=== Section Start ===
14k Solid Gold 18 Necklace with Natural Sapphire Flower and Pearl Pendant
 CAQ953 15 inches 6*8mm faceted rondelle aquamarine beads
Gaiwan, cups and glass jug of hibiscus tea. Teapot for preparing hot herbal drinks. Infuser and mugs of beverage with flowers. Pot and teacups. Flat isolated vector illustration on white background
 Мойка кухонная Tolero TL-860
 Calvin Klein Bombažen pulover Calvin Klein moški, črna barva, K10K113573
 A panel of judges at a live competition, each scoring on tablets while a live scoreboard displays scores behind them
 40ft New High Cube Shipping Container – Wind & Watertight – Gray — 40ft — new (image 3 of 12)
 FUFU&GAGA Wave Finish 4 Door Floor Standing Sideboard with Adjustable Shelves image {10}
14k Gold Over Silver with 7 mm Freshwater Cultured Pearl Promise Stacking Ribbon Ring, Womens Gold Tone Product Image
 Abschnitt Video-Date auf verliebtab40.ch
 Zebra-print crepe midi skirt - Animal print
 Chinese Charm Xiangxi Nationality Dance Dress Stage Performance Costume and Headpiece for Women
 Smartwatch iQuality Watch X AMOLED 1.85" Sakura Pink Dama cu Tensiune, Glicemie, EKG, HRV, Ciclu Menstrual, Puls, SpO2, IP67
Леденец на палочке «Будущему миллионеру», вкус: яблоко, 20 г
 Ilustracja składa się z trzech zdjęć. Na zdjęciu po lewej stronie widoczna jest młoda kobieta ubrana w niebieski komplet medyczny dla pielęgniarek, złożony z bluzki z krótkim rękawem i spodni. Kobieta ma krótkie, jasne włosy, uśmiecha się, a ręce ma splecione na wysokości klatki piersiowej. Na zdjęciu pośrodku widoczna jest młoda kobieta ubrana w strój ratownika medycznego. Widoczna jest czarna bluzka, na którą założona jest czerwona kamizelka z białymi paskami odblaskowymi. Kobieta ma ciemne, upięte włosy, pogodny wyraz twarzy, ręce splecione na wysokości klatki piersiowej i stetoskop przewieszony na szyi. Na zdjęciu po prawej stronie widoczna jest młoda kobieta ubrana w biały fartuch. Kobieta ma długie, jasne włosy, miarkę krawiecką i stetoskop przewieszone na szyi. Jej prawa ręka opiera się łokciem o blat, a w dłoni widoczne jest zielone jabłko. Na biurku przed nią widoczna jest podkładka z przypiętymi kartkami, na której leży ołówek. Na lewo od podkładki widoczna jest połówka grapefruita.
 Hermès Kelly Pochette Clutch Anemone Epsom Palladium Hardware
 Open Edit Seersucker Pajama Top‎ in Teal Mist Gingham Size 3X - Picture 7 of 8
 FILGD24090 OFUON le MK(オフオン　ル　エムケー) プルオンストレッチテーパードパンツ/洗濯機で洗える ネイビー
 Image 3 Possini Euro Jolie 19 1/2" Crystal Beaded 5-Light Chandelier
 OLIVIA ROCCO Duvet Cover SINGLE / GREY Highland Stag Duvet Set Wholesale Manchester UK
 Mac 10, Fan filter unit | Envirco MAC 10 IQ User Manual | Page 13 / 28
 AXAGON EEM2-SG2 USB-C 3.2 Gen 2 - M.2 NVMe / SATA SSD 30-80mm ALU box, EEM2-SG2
=== Section End ===
Exercise description: Copy out the lines of the records above in which the string "Gold" appears.

Your response:
14k Solid Gold 18 Necklace with Natural Sapphire Flower and Pearl Pendant
14k Gold Over Silver with 7 mm Freshwater Cultured Pearl Promise Stacking Ribbon Ring, Womens Gold Tone Product Image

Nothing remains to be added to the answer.